The answer must restate every entry exactly as it appears.

------ Dataset entries

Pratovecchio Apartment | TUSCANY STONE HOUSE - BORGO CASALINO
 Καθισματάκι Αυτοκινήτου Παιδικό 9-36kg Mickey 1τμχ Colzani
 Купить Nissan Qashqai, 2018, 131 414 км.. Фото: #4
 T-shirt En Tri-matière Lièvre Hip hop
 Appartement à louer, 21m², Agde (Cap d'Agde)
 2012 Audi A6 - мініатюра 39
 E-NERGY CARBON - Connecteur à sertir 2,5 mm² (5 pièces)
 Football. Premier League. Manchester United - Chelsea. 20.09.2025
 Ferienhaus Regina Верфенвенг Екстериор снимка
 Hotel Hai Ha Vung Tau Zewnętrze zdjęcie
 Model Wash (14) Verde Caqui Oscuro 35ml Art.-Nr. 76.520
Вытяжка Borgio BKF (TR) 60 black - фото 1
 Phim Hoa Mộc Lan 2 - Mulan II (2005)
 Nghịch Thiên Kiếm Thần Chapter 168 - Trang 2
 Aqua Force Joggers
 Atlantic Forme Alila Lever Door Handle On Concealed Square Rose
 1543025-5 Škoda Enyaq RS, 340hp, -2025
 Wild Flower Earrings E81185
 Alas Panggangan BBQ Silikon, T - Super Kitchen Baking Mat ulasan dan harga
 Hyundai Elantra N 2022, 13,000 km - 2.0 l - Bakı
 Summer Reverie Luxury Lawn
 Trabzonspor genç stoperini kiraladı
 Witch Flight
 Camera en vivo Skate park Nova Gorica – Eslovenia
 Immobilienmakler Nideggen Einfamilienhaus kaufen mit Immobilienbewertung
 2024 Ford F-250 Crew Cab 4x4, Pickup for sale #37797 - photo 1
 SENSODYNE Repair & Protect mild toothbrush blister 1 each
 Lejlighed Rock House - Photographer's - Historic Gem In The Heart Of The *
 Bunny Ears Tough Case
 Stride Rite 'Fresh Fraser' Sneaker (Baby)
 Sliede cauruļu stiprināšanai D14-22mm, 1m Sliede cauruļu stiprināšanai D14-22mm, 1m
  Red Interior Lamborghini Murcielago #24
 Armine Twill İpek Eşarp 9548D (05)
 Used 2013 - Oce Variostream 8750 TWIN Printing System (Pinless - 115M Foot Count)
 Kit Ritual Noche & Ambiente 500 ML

------------

[Solution for this exercise]
Pratovecchio Apartment | TUSCANY STONE HOUSE - BORGO CASALINO
 Καθισματάκι Αυτοκινήτου Παιδικό 9-36kg Mickey 1τμχ Colzani
 Купить Nissan Qashqai, 2018, 131 414 км.. Фото: #4
 T-shirt En Tri-matière Lièvre Hip hop
 Appartement à louer, 21m², Agde (Cap d'Agde)
 2012 Audi A6 - мініатюра 39
 E-NERGY CARBON - Connecteur à sertir 2,5 mm² (5 pièces)
 Football. Premier League. Manchester United - Chelsea. 20.09.2025
 Ferienhaus Regina Верфенвенг Екстериор снимка
 Hotel Hai Ha Vung Tau Zewnętrze zdjęcie
 Model Wash (14) Verde Caqui Oscuro 35ml Art.-Nr. 76.520
Вытяжка Borgio BKF (TR) 60 black - фото 1
 Phim Hoa Mộc Lan 2 - Mulan II (2005)
 Nghịch Thiên Kiếm Thần Chapter 168 - Trang 2
 Aqua Force Joggers
 Atlantic Forme Alila Lever Door Handle On Concealed Square Rose
 1543025-5 Škoda Enyaq RS, 340hp, -2025
 Wild Flower Earrings E81185
 Alas Panggangan BBQ Silikon, T - Super Kitchen Baking Mat ulasan dan harga
 Hyundai Elantra N 2022, 13,000 km - 2.0 l - Bakı
 Summer Reverie Luxury Lawn
 Trabzonspor genç stoperini kiraladı
 Witch Flight
 Camera en vivo Skate park Nova Gorica – Eslovenia
 Immobilienmakler Nideggen Einfamilienhaus kaufen mit Immobilienbewertung
 2024 Ford F-250 Crew Cab 4x4, Pickup for sale #37797 - photo 1
 SENSODYNE Repair & Protect mild toothbrush blister 1 each
 Lejlighed Rock House - Photographer's - Historic Gem In The Heart Of The *
 Bunny Ears Tough Case
 Stride Rite 'Fresh Fraser' Sneaker (Baby)
 Sliede cauruļu stiprināšanai D14-22mm, 1m Sliede cauruļu stiprināšanai D14-22mm, 1m
  Red Interior Lamborghini Murcielago #24
 Armine Twill İpek Eşarp 9548D (05)
 Used 2013 - Oce Variostream 8750 TWIN Printing System (Pinless - 115M Foot Count)
 Kit Ritual Noche & Ambiente 500 ML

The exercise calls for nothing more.